The Intel 82C54 is a high-performance, CHMOS version of the industry standard 8254 counter/timer. It provides three independent 16-bit counters. All operating modes are software programmable. The 82C54 is pin compatible with the HMOS 8254, and is a superset of the 8253. Six programmable modes allow the 82C54 to be used as an event counter, elapsed time indicator, programmable one-shot, and in many other applications.

In the PC's architecture the 8254 is located at hardware I/O address 40H through 43H. The following C/Assembler code reads the 16 bit count maintained by channel 0 of the PC's 8254. Each count represent a time interval of 0.41905 uSec.
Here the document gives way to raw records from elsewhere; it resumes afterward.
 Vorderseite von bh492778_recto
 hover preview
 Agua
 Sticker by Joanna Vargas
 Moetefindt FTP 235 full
unsigned int read_8254_count (void)
{
asm {
pushf // save current inetrrupt status
cli // no ints while we read the 8254
mov al,0 // command to latch counter for counter 0
out 0x43,al // tell the 8254 to latch the count
db 0x24, 0xf0 // jmp $+2, this slow I/O on fast processors
in al,0x40 // read LSB of 8254's count
mov ah,al // temp save
db 0x24, 0xf0 // jmp $+2
in al,0x40 // read MSB of count
xchg al,ah // get right order of MSB/LSB
popf // return saved interrupt status
}
return _AX;
}

 

[Cartouche Bee]

And if you get real desperate you could always write some assembler noop loops and get some even finer resolutions.

 

[Lucky]

Thanks, I´ll try the assembler programming now, but also test a few other features. I hope at least one of them works as intended.

 

[Lucky]

Could you tell me where you got that C/ASM code from?
I need to find out which compiler they use, which include libraries, etc.
I currently use the standard GNU C compiler, so that the program is most platform independant, but that function does not work there. I rewrote the assembler code, but it still is kind of difficult to use.
Any info would be appreciated.

 

[gonzo_for_civ]

@Lucky, please post and tell us the results of your assembly efforts

 

[Cartouche Bee]

Good thing gonzo posted cause I didn't notice that you had made another post.
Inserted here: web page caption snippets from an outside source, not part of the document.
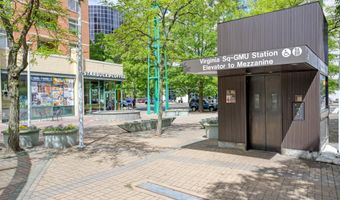 901 N MONROE St 1408, Arlington, VA 22201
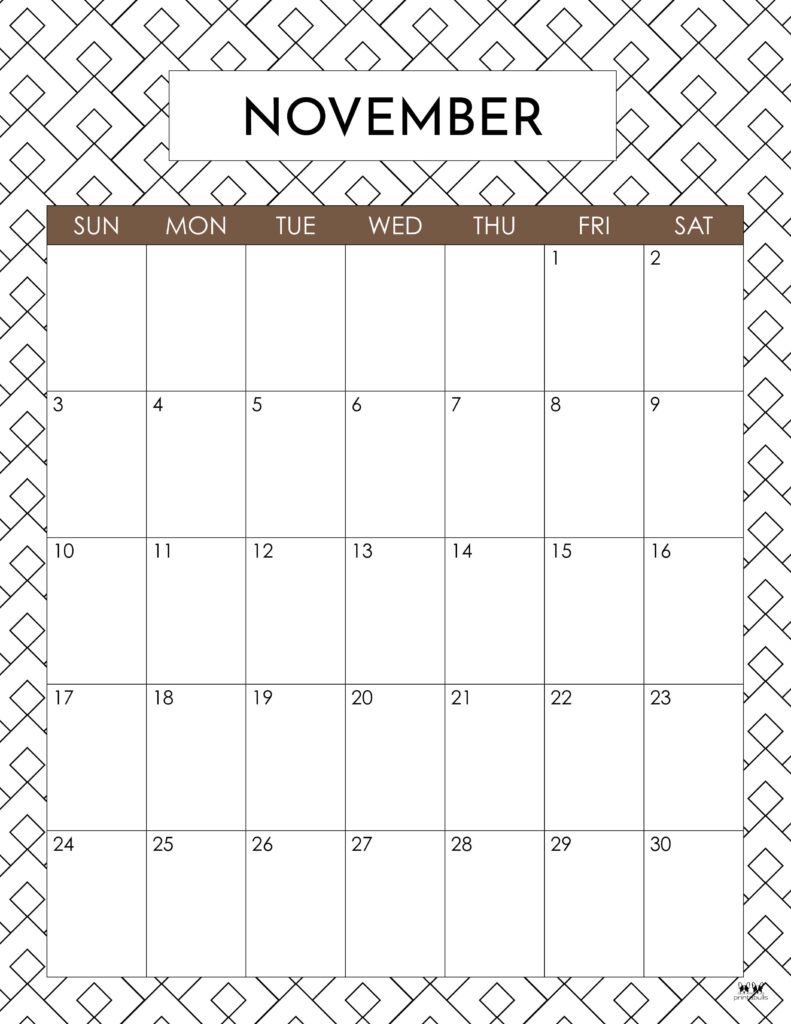 Printable-November-2024-Calendar-Style-25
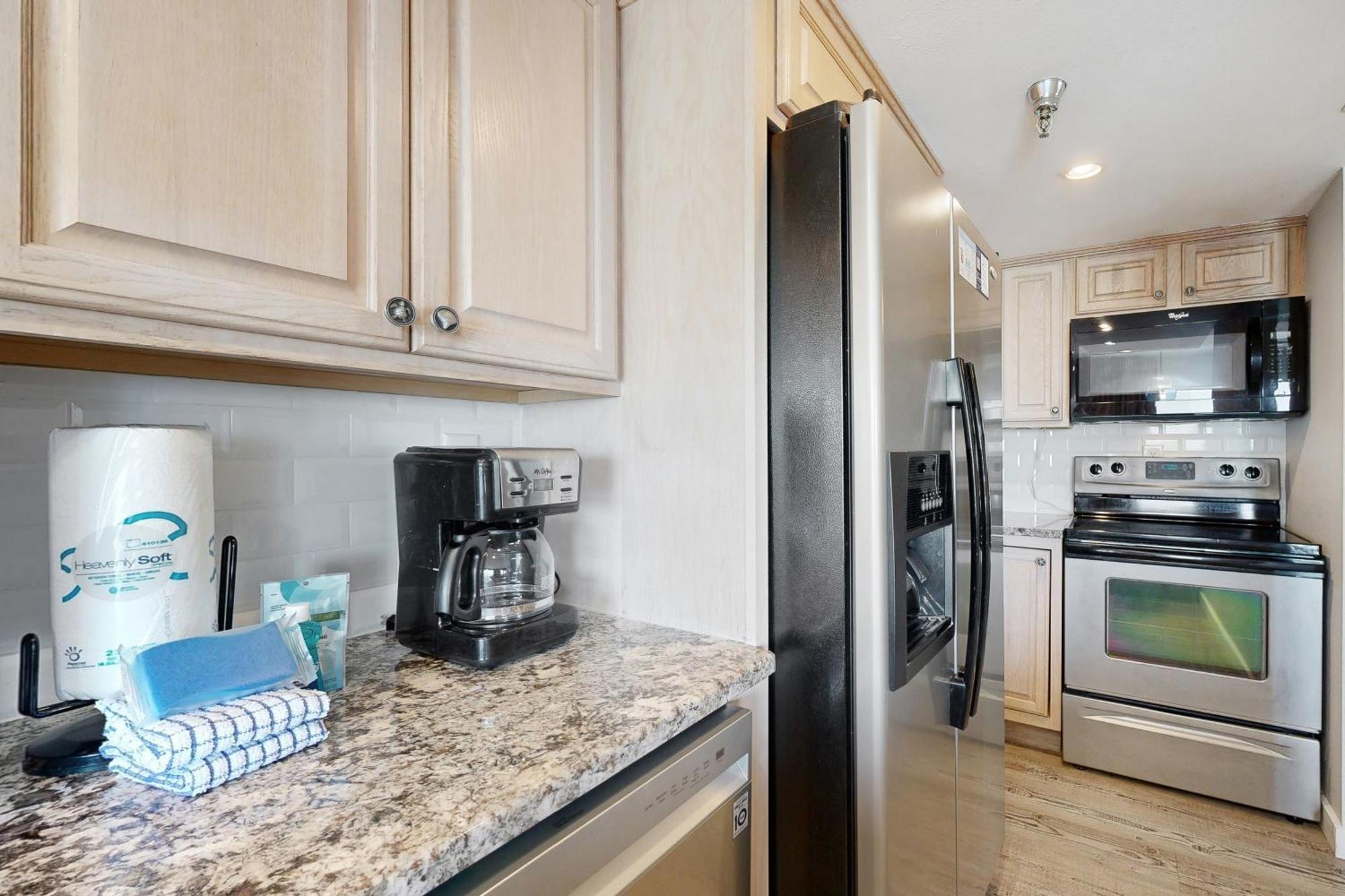 Villa Islander Fort Walton Beach Zimmer foto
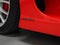 2004 Ferrari 360 Challenge Stradale Base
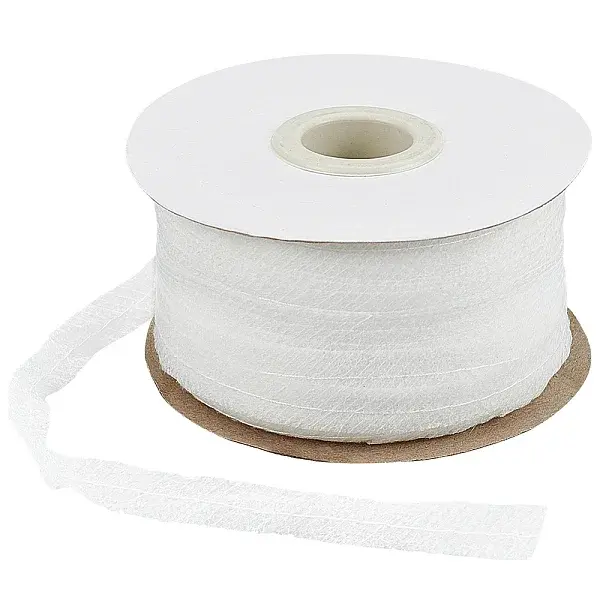 Non-woven Fabrics Ribbon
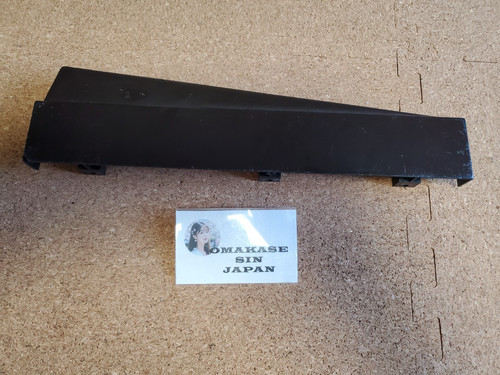 Yamaha dx7 original - dx7, linke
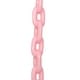 preview thumbnail 18 of 21, Gorilla Playsets Full Bucket Toddler Swing with Coated Chains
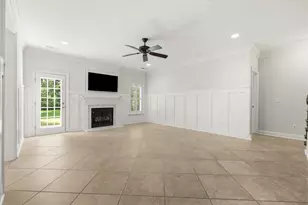 552 Walcott Dr, Myrtle Beach, SC 29579 - Photo 10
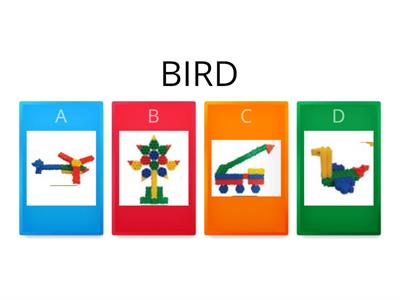  SCIENCE YEAR 2 : UNIT 10 - TECHNOLOGY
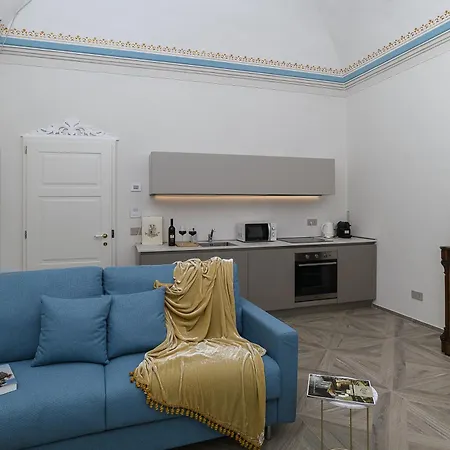 La Casa Del Poeta * 埃尔萨谷口村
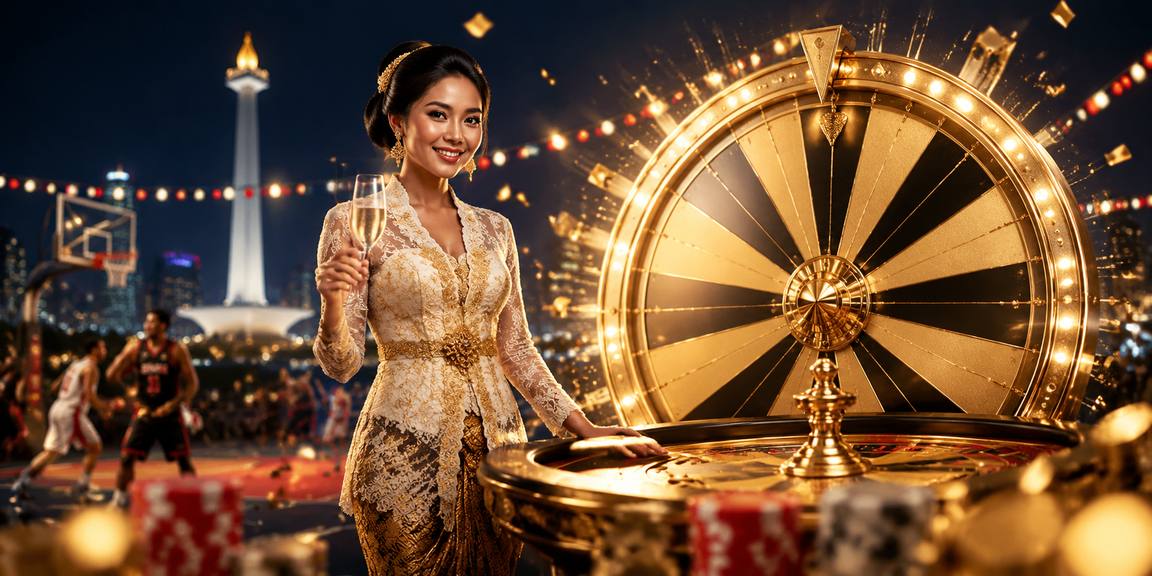 milo4d togel Buffalo King Megaways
If you need better resolution than the timer permits you can stock a noop loop to take up the slack. Of course you have to be able to measure the performance of the machine that you run on to use that approach. I'm not too sure how "real time" you have to go to, you may have to even allow for checks to the clock in the noop loop if your getting real microscopic.



Anyway:

Did search on "8253/8254 Programming" got 97 hits

First link leads you to the program chunk I posted

http://www.techedge.com.au/tech/8253tec.htm

http://www.decisioncards.com/io/tutorials/8254_tut.html

http://www.decisioncards.com/io/tutorials/8254_tut2.html

 

[Lucky]

Well, the decision I had to make was between another C function I found and writing an assembler program. I actually did both, and the assembler part worked as intended, but it was kind of difficult to implement in the program itself.

The uclock C-function returns a simple clock setting of the 8253/8254. It is even simpler and therefore faster in processing the timer data than the assembler code I wrote and the ones you and I found somewhere else.
With the implementation in the C program, it runs with a precision of +-3..5 µs. We will now have to test whether that is enough. My personal belief is that it's ok, since the step motor itself is not capable of much more than that precision, but the experiments we will run next week (probably) will yield more results.
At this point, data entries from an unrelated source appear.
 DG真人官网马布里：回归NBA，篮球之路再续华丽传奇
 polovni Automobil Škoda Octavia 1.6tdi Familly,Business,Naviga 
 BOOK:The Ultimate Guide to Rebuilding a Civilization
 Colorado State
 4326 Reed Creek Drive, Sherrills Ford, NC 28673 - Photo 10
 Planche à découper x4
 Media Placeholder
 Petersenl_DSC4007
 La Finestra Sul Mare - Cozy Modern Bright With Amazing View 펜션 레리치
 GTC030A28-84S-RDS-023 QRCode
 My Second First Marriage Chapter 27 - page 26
Until then I have to polish up the code a bit and hopefully gain a bit more speed. But since the comp we use is a PII 350, there is nothing really to worry about.
More on next week.

 

[Cartouche Bee]

Some 'C' compliers let you write inline code but I haven't done any of that for more than 10 years. The fact that the compiler wrote code to read the clock that was faster than the assembler kind of shows why it's not done much any more.

The time precision [Edit-opps: shouldn't] be a problem operating stepper motors, they probably have more operational lag than the resolution on the timer chip.

 

[Lucky]

Ok, the function seems to work as intended, the motor is running fine. The uclock() is precise enough.

But for final examination, we need to run several test series. That will still take a while more.